Data migration, ETL, and load for Netezza migrations
Article
This article is part two of a seven-part series that provides guidance on how to migrate from Netezza to Azure Synapse Analytics. The focus of this article is best practices for ETL and load migration.
Data migration considerations
Initial decisions for data migration from Netezza
When migrating a Netezza data warehouse, you need to ask some basic data-related questions. For example:
Should unused table structures be migrated?
What's the best migration approach to minimize risk and user impact?
When migrating data marts: stay physical or go virtual?
The next sections discuss these points within the context of migration from Netezza.
Migrate unused tables?
Tip
In legacy systems, it's not unusual for tables to become redundant over time—these don't need to be migrated in most cases.
It makes sense to only migrate tables that are in use in the existing system. Tables that aren't active can be archived rather than migrated, so that the data is available if necessary in future. It's best to use system metadata and log files rather than documentation to determine which tables are in use, because documentation can be out of date.

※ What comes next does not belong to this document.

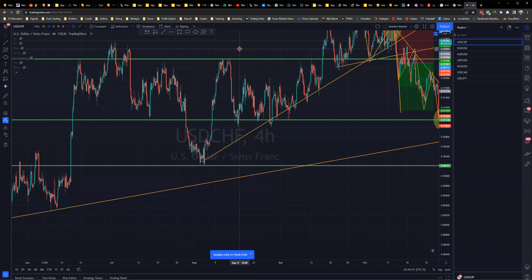That concludes today's training on the Fibonacci retracement strategy. Practice, back-test, and if you need more help, reach out or re-watch this video for clarification.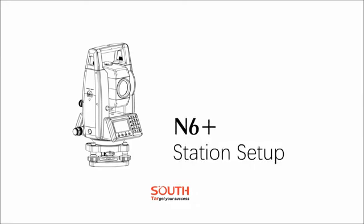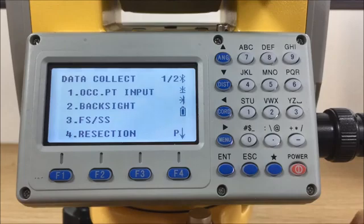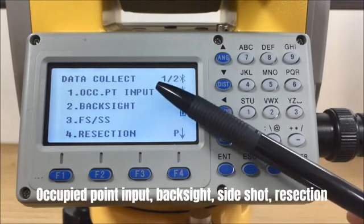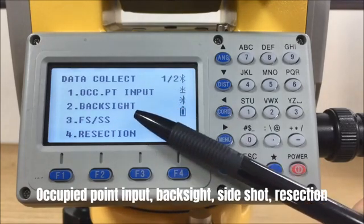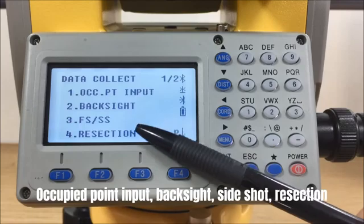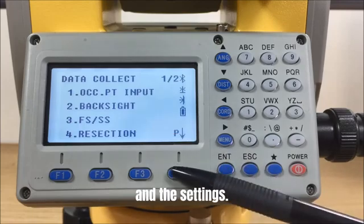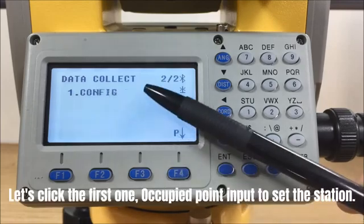Before we get started, let's have a quick look at those options under Data Collect: Occupied Point Input, Backsite, Side Shot, Resection, and Settings.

If enabled, Netezza query history tables contain information that can determine when a given table was last accessed—which can in turn be used to decide whether a table is a candidate for migration.
Here's an example query that looks for the usage of a specific table within a given time window:
SELECT FORMAT_TABLE_ACCESS (usage),
hq.submittime
FROM "$v_hist_queries" hq
INNER JOIN "$hist_table_access_3" hta USING
(NPSID, NPSINSTANCEID, OPID, SESSIONID)
WHERE hq.dbname = 'PROD'
AND hta.schemaname = 'ADMIN'
AND hta.tablename = 'TEST_1'
AND hq.SUBMITTIME > '01-01-2015'
AND hq.SUBMITTIME <= '08-06-2015'
AND
(
instr(FORMAT_TABLE_ACCESS(usage),'ins') > 0
OR instr(FORMAT_TABLE_ACCESS(usage),'upd') > 0
OR instr(FORMAT_TABLE_ACCESS(usage),'del') > 0
)
AND status=0;
| FORMAT_TABLE_ACCESS | SUBMITTIME
----------------------+---------------------------
ins | 2015-06-16 18:32:25.728042
ins | 2015-06-16 17:46:14.337105
ins | 2015-06-16 17:47:14.430995
(3 rows)
This query uses the helper function FORMAT_TABLE_ACCESS and the digit at the end of the $v_hist_table_access_3 view to match the installed query history version.
What is the best migration approach to minimize risk and impact on users?
This question comes up frequently because companies may want to lower the impact of changes on the data warehouse data model to improve agility. Companies often see an opportunity to further modernize or transform their data during an ETL migration. This approach carries a higher risk because it changes multiple factors simultaneously, making it difficult to compare the outcomes of the old system versus the new. Making data model changes here could also affect upstream or downstream ETL jobs to other systems. Because of that risk, it's better to redesign on this scale after the data warehouse migration.
Even if a data model is intentionally changed as part of the overall migration, it's good practice to migrate the existing model as-is to Azure Synapse, rather than do any re-engineering on the new platform. This approach minimizes the effect on existing production systems, while benefiting from the performance and elastic scalability of the Azure platform for one-off re-engineering tasks.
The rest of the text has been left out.